How much are you feeding him a day now?


----------



## treasuresandstuff (Jun 29, 2010)

I have upped them both to half a cup instead of 1/4 a cup. I won't do free feed as it attracts pests and we have enough issues with that. They get the meals split into two feeds and have hay at all times. I just upped the feed so it is too soon to see if that will help. When she next sees the vet we will discuss locally offered feed brands, additives and other methods of increasing their mass, its not so much weight per se, but rather what is making the weight. Right now she is shedding and actually losing weight because of that, but its not body mass loss at this point, its loss of the incredibly thick fluff that covered her body. You would be amazed if you had seen Diamond in person. Pics do not do her justice! As to Burnie, he was badly neglected before we got him, so we expected him to need some feeding up. I just do not want to give too much too quick and have him decide he doesn't even want the hay and hold out for pellets. Burnie is a pellet piggy. Given a choice I do believe he would ignore hay for pellets.


----------



## treasuresandstuff (Jun 29, 2010)

Sorry I missed the person mentioning that Burnie (the lop) is too thin, yes, he came to us from a very bad situation. If I recall right, the woman said the teacher in charge of him fed him when he thought about it. She had only had him maybe a month before realizing she could not focus on him as he needed. Thus it falls to me to help them. And finding a lot of people in different places calling me a bad owner for letting them get this way. Sigh, at the vets office when Diamond had poopy butt issues, a woman said I should skin and roast her and put her out of her misery if I was not going to take care of her. The woman did not even care that I had only had her for a few days at that point, it was my fault regardless. Supposedly rabbits only look bad if their current owners are bad people according to some. Of course most of those folks that think that way have never owned a rabbit, so how would they know. 

I appreciate the help folks!

Added: Burnie is pretty much bald compared to when he first arrived. When we brought him home he appeared to have a lovely nice coat but he broke a brush with hidden mats and we had to shave him so what you see is mostly fuzz and him.


----------



## jcl_24 (Jun 29, 2010)

**** those people for automatically assuming the worst :X. If someone was neglecting an animal, they probably wouldn't bother to get it seen by a vet.

What you are doing for those buns is wonderful and their change in temperament (getting less shy around you) shows they are learning you an be trusted.

I look forward to hearing more about them 

Nibble, nibble little bunnies! :carrot :eats:

Jo x


----------



## treasuresandstuff (Jun 29, 2010)

I just gave Burnie some chopped celery tops.
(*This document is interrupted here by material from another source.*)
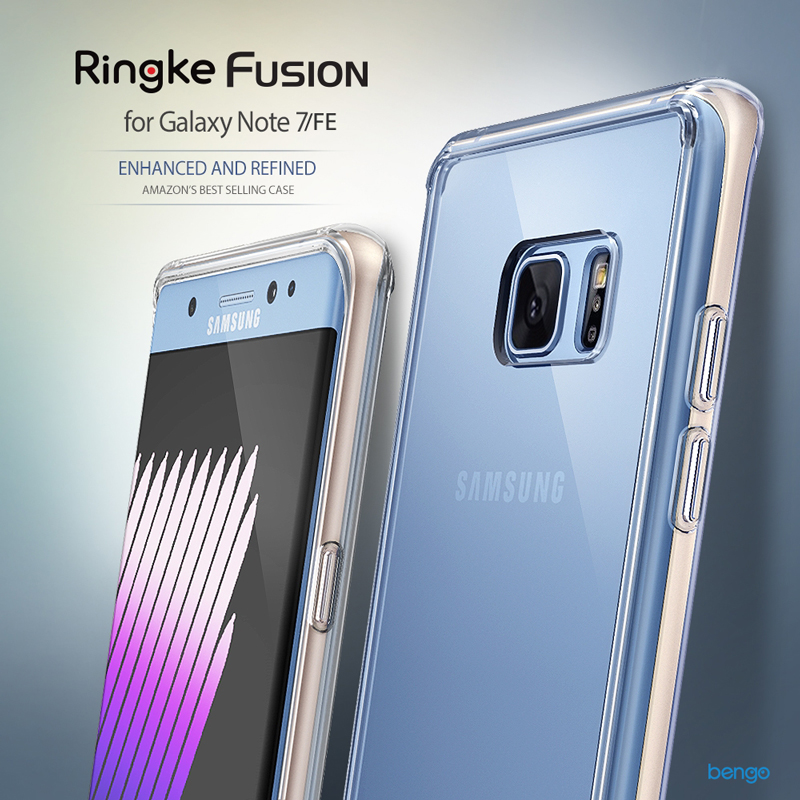Ốp lưng Samsung Galaxy Note FE Ringke Fusion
At first he looked at me like I was trying to poison him so I sprinkled some pellets and oats on top kinda like people put crutons and bacon bits on their salad and he put his nose in it. I left him alone to see if he wanted to dine alone. I can so hear Catherine Hepburn "I Vant to be alone!" LOL


----------



## dixonsrabbitry1 (Jun 29, 2010)

Coming from a breeders prospective on the weight and condition issue. You should not be able to feel the ribs or spine on a well conditioned rabbit. The rabbit must have good muscle tone. Just because the rabbit feels a little chunky does not mean its overweight. It means it is a very healthy animal. Rabbits are supposed to have that meaty, chunky look to them. 
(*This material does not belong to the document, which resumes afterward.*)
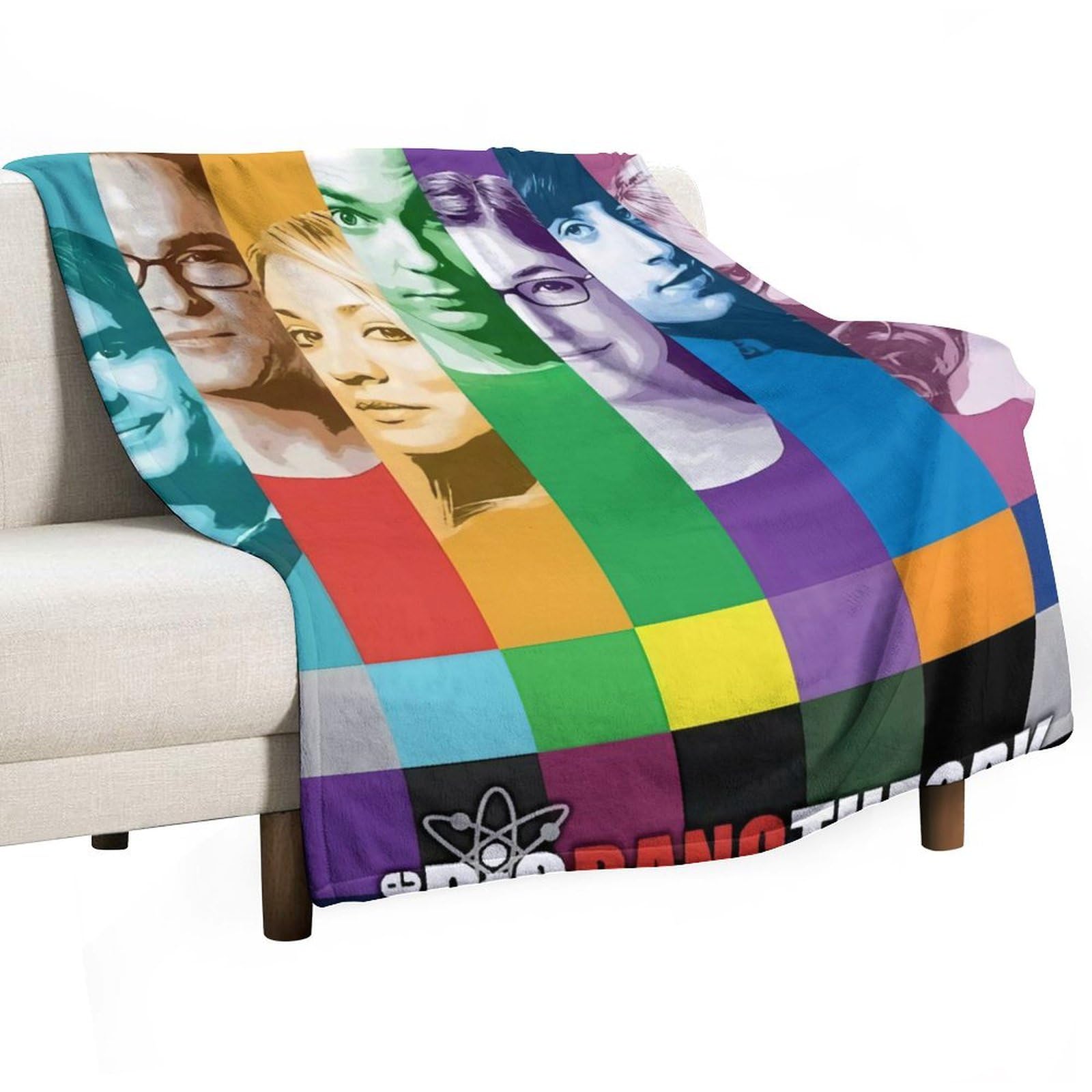 KURIAHRNM The Big Bang Theory Blankets Soft Flannel Single Blanket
Believe it or not, there is a conditioning system developed by breeders to tell how good condition their rabbits are in. you set the rabbit up on a flat surface, with a carpet underneath it. You don't have to pose the bunny if you don't want to. Place one hand over the shoulders, run it over the back, and down the rabbits rump. You should not be able to feel any bones at all. If you feel a lot of loose skin, then your rabbit is overweight, and needs to be cut back on the treats(veggies and greens) and pellets. However, if you feel a lot of loose skin and bones, then you should cut back on everything else, and up their pellet intake. On some rabbits you will be able to feel the bones no matter how much they are fed. Sometimes its a genetic issue. With most it isn't. 

That is how show rabbits are judged on health and body condition. It also works for pet rabbits too.
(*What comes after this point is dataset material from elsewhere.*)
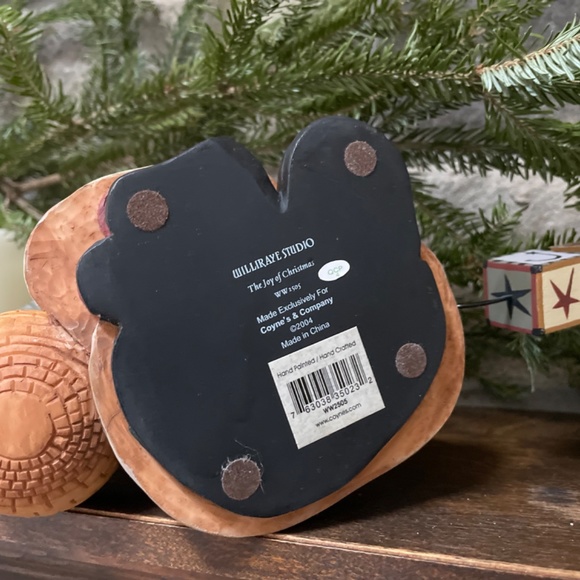 Williraye Studio Santa, girl w tree “The Joy of Christmas" WW2505 - Picture 3 of 3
The bunny in question was the sickly one right? Probably like that because it was sick. Give her time. Feed about a cup of pellets a day, and see if she fills out. She should look nice when she does. 

Second bunny is def a ruby eyed white. What breed is the white guy? is he a jersey or a lion head? Let me know and I will ask a couple of breeders offlist about the weight range for them. He looks fine to me. I haven't had my hands on him though.


----------



## treasuresandstuff (Jun 29, 2010)

The big guy is an American Fuzzy Lop, his bone structure is kinda big though, he is the size of a Mini lop instead of a Holland which is closer to the appropriate size of an AFL. He should look round not cylindrical. He is basically a tube of bones and very loose skin. I have upped his pellets. The girl (white one) is a lionhead and is also lots of bones and skin. Yes, part of her issues is she was ill, she felt meatier when we first took her in. We upped their pellets and they get all the hay they want. We will re-evaluate them in about a week and see if we might want to up the pellets again. Sorry the white one is Diamond and she is a doublemaned Lionhead. She is only 11 weeks old, vet says her bones are denser than he expected just looking at her and told us to keep giving a small amount of oats to help her put on weight. He just said to up the pellet intake for Burnie the AFL.


----------



## dixonsrabbitry1 (Jun 29, 2010)

*treasuresandstuff wrote: *


> The big guy is an American Fuzzy Lop, his bone structure is kinda big though, he is the size of a Mini lop instead of a Holland which is closer to the appropriate size of an AFL. He should look round not cylindrical. He is basically a tube of bones and very loose skin. I have upped his pellets. The girl (white one) is a lionhead and is also lots of bones and skin. Yes, part of her issues is she was ill, she felt meatier when we first took her in. We upped their pellets and they get all the hay they want. We will re-evaluate them in about a week and see if we might want to up the pellets again. Sorry the white one is Diamond and she is a doublemaned Lionhead. She is only 11 weeks old, vet says her bones are denser than he expected just looking at her and told us to keep giving a small amount of oats to help her put on weight. He just said to up the pellet intake for Burnie the AFL.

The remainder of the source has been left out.